**AIM OF THE TASK**. Beginning at the line that contains "Mignon Pouce Piano", reproduce the entries below exactly, ending with the line that contains "A diesel tank.". Omit each picture.

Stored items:
■ ■ ■ ■ ■ ■ ■

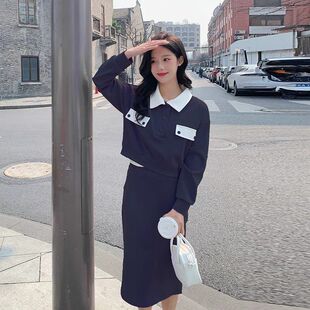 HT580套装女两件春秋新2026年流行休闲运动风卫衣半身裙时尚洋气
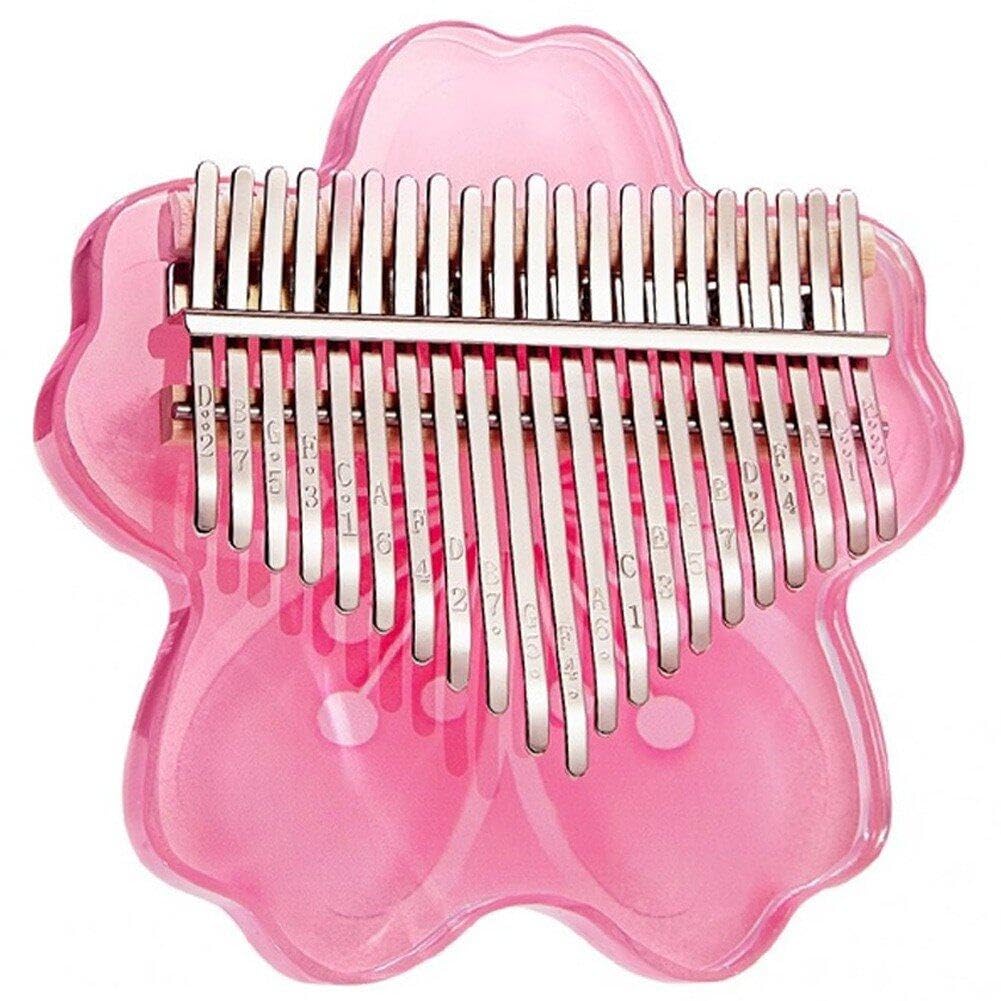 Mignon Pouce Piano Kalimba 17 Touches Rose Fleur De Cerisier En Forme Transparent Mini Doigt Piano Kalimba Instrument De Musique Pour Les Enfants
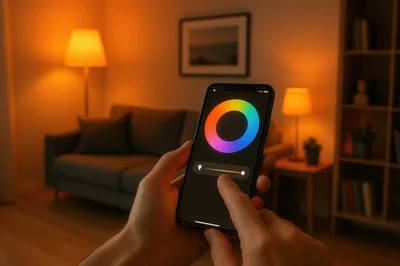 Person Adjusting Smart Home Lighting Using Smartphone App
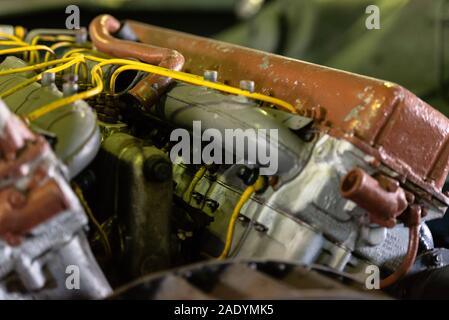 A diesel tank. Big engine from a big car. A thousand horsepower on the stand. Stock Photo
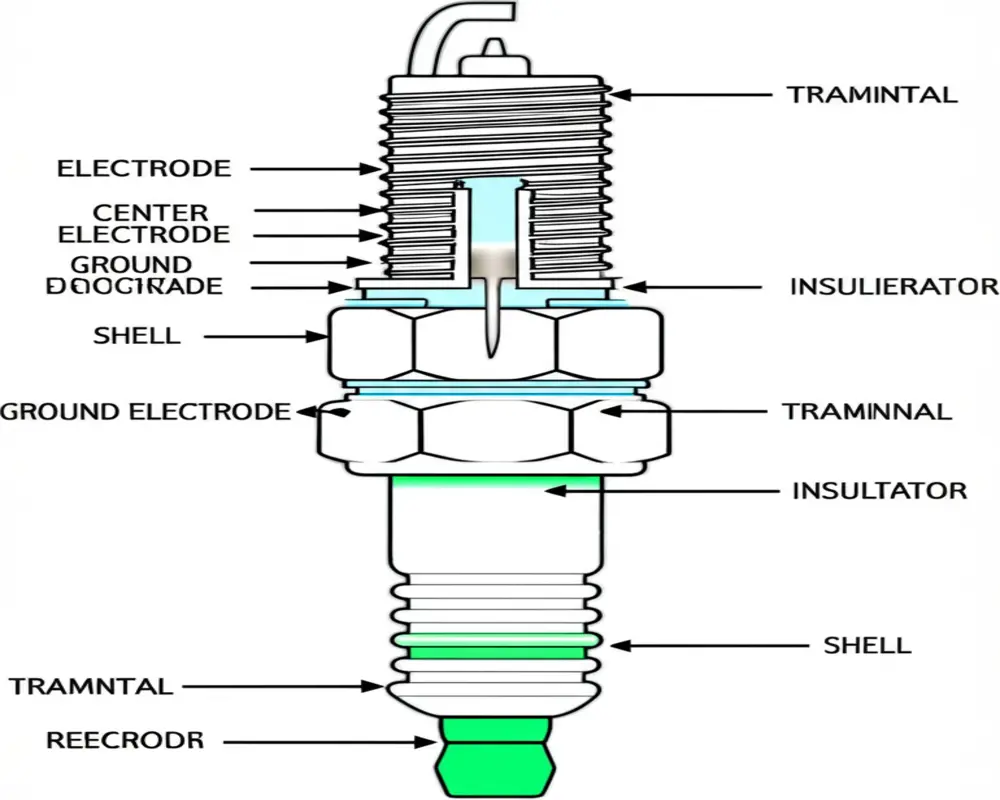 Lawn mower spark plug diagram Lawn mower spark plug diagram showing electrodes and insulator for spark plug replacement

■ ■ ■ ■ ■ ■ ■

**OUTPUT FOR THIS TASK**.
 Mignon Pouce Piano Kalimba 17 Touches Rose Fleur De Cerisier En Forme Transparent Mini Doigt Piano Kalimba Instrument De Musique Pour Les Enfants
 Person Adjusting Smart Home Lighting Using Smartphone App
 A diesel tank. Big engine from a big car. A thousand horsepower on the stand. Stock Photo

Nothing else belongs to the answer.